By this I mean that from my understanding (and please understand I might have some of this confused even after two reads), this planet is not earth regardless of the fact that the wildlife and flora seem to parallel earth quite well. It would make for a nice parallel Earth story, except (again from my understanding) this world has some part to play in the making of our Earth. So-unless somewhere down the line we find that as it goes streaking through our solar system it somehow transports all of these element onto the earth (maybe likes James Blish's Cities in Flight) It just seems too much a coincidence to be so closely parallel.
So the science fiction part of the story involves two characters protagonist and antagonist. I had a difficult time deciding which was which.
Molric seeks to save the past of this planet; which seems destined to some catastrophe in the future where he comes from. Ezekial also comes from the future; but knowing that this planet's doom is imperative to Earth's existence he seeks to stop Molric.
But in the main story itself, which does in many ways remind me of the Three Musketeers with all the political and social intrigue, there are forces working against them both.
Rodrigan seems to represent an element of the religious order who are working with Molric (he is not aware exactly what Molric is other than a way to gain power over the empire and depose the emperor.) His motive could be good; but his methods sink any possibilities of putting him in a protagonist position.
The group that is gathering are ultimately working for the Emperor, who also would not qualify well as a protagonist. But primarily Jerine and her sister Tilirine seem intimately associated with some higher power and they are presently aligned with Ezekiel without knowledge of his past or even his goals.
There is a vast intrigue that seems to orbit these two primary groups of players and in some large way it gives the appearance of one group attempting to push back the tide of time; while the other tries to restore it; while all else conspires to let time march on as it always has.

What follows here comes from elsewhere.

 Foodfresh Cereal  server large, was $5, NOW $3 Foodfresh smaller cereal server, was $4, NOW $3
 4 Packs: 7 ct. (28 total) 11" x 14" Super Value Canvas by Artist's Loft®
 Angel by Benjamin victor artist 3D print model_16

Though the historical accuracy (of peoples; institutions; economy and politics and not actual history of ours) can for some readers (this one) often throw them out, it does add both a mood and a sense of world building that makes it quite authentic. Add to this the peopling of believable characters both flawed and sometimes downright frustrating; this is a well written book that deserves a good read and probably more attention than I gave it the first run through.

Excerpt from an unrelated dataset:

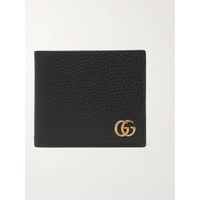 구찌 GUCCI Black GG Marmont Full-Grain Leather Billfold Wallet 19971654707398581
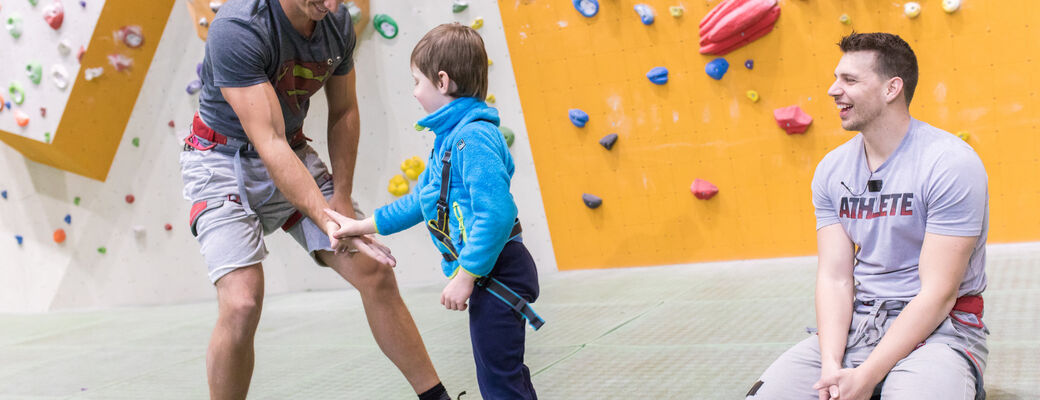 Individuální lekce lezení na stěně pro děti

---Possible spoiler alert-though my obvious confusion might abrogate it.-----
I am however still confused about the future characters mentioning having seen this worlds technological development before it's destruction when in another place it appears that the planet will be ripped from wherever it is and be thrown into our solar system where it becomes unlivable while its presence is necessary for the seeding the Earth with life.
What is not so clear is the possibility that Ezekiel is from a further future than Molric and has larger insight into what needs to take place. I'm only guessing at this because of what each character seems to have witnessed. Which brings us back to neither of them necessarily being the antagonist because they have differing perspectives from which to operate.(So even on the second read I may have missed something vital.)
I read this through Kindle Unlimited and initially when I started my comments I discovered that it had been prematurely taken back; so in order to see my notes and read it a second time I had to check it out again and I've no idea how that works out for the author as far as payment.
I shall purchase a copy soon for my personal library; not to read a third time (at least not right away), but rather just to help insure the author can sustain himself while finishing the work; so I can read the rest.